To do » Only the pictures should be left out; repeat the rest of the data exactly.

═════ Available data ═════

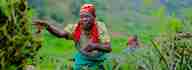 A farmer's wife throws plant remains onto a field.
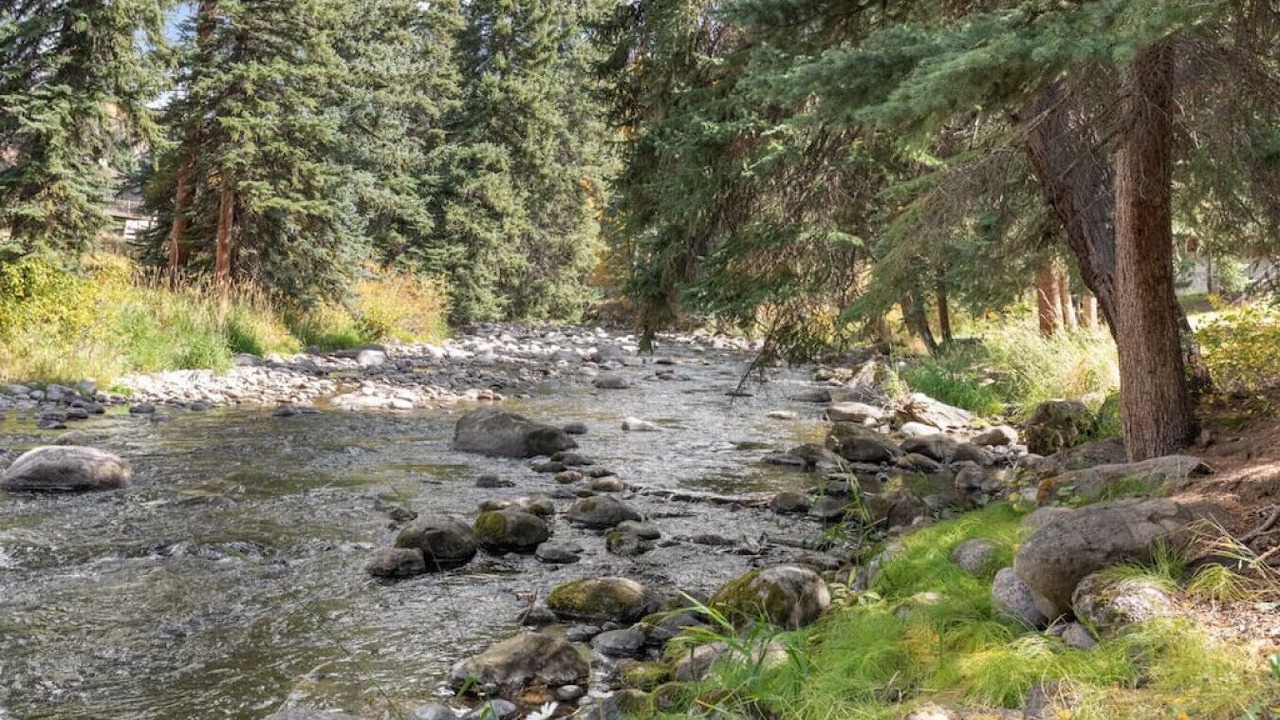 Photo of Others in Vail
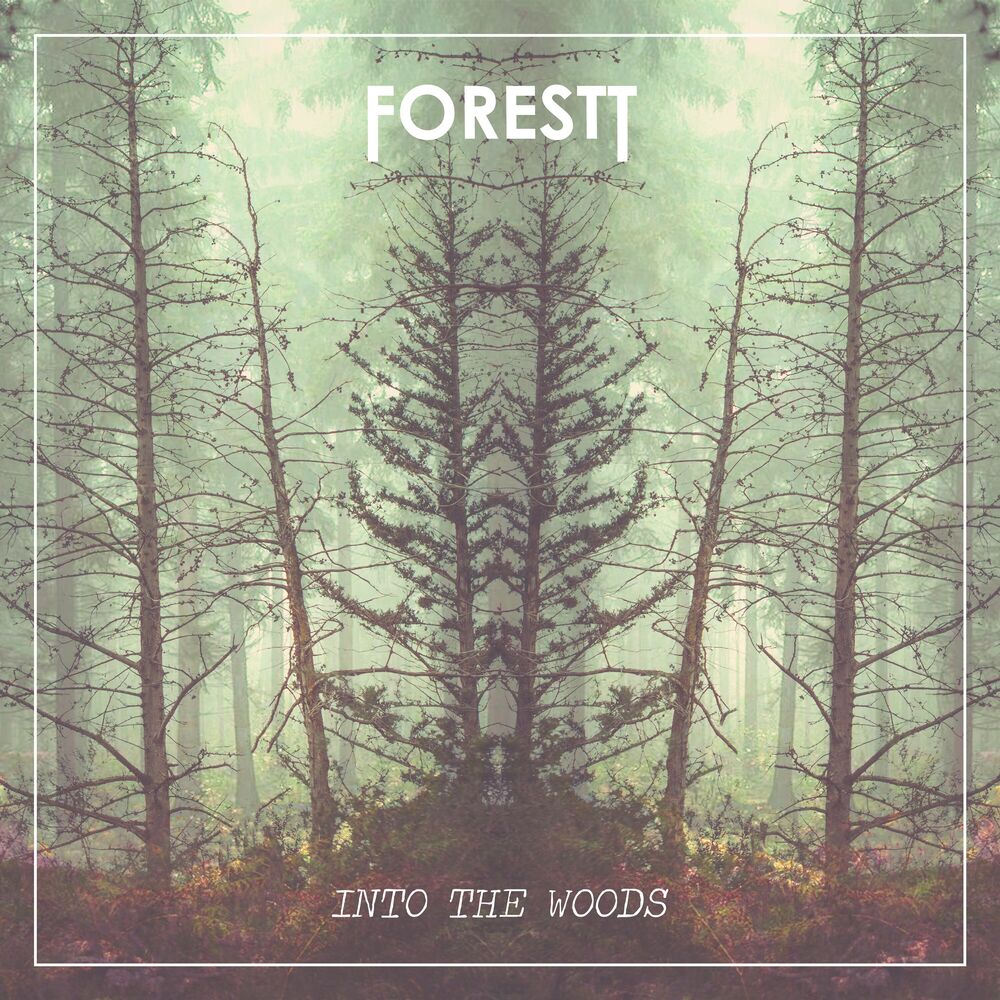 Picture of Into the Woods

═════

Task response »
 A farmer's wife throws plant remains onto a field.
 Photo of Others in Vail
 Picture of Into the Woods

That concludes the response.